# Data for processing:
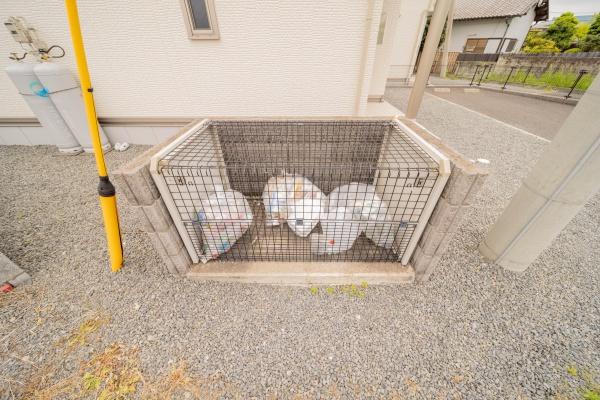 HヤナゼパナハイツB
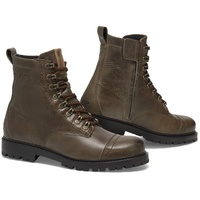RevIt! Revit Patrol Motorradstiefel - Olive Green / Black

==

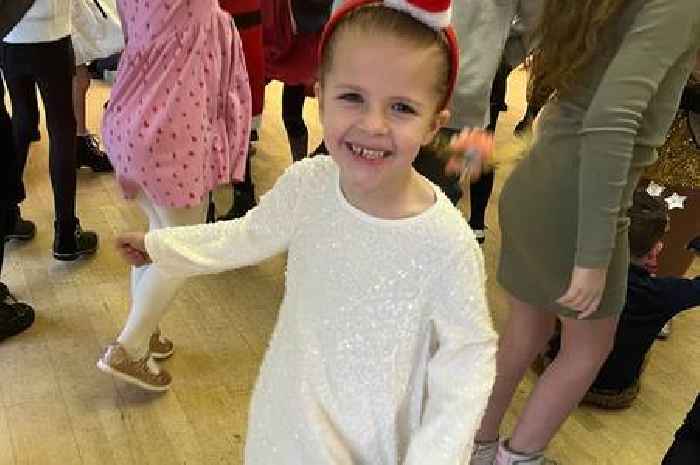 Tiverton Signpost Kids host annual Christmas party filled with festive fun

...

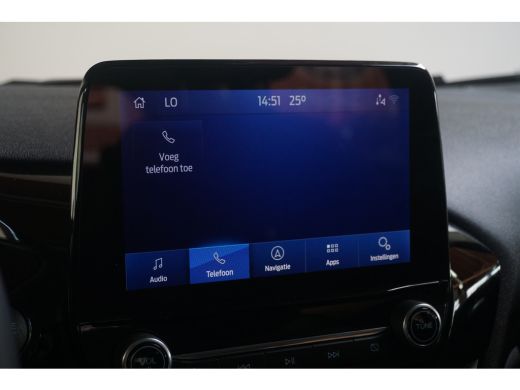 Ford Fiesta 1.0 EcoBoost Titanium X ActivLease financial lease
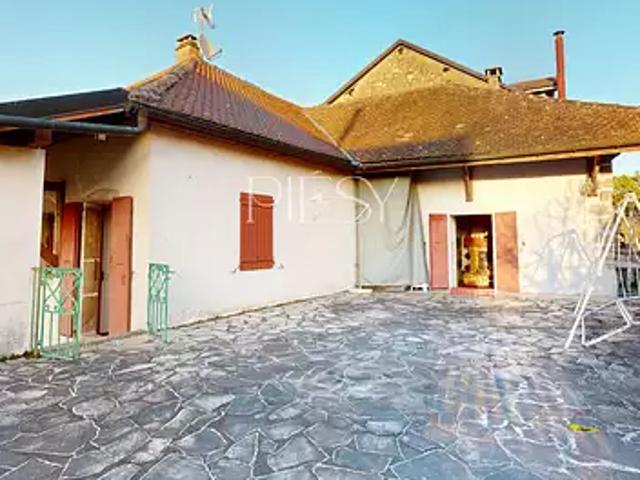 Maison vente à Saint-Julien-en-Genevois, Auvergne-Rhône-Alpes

# Problem requirements:
Starting at the line above that holds "Ford Fiesta 1.0", repeat every line exactly down to and including the line that holds "Maison vente à", then stop. Do not carry over any pictures.

# The answer:
 Ford Fiesta 1.0 EcoBoost Titanium X ActivLease financial lease
 Maison vente à Saint-Julien-en-Genevois, Auvergne-Rhône-Alpes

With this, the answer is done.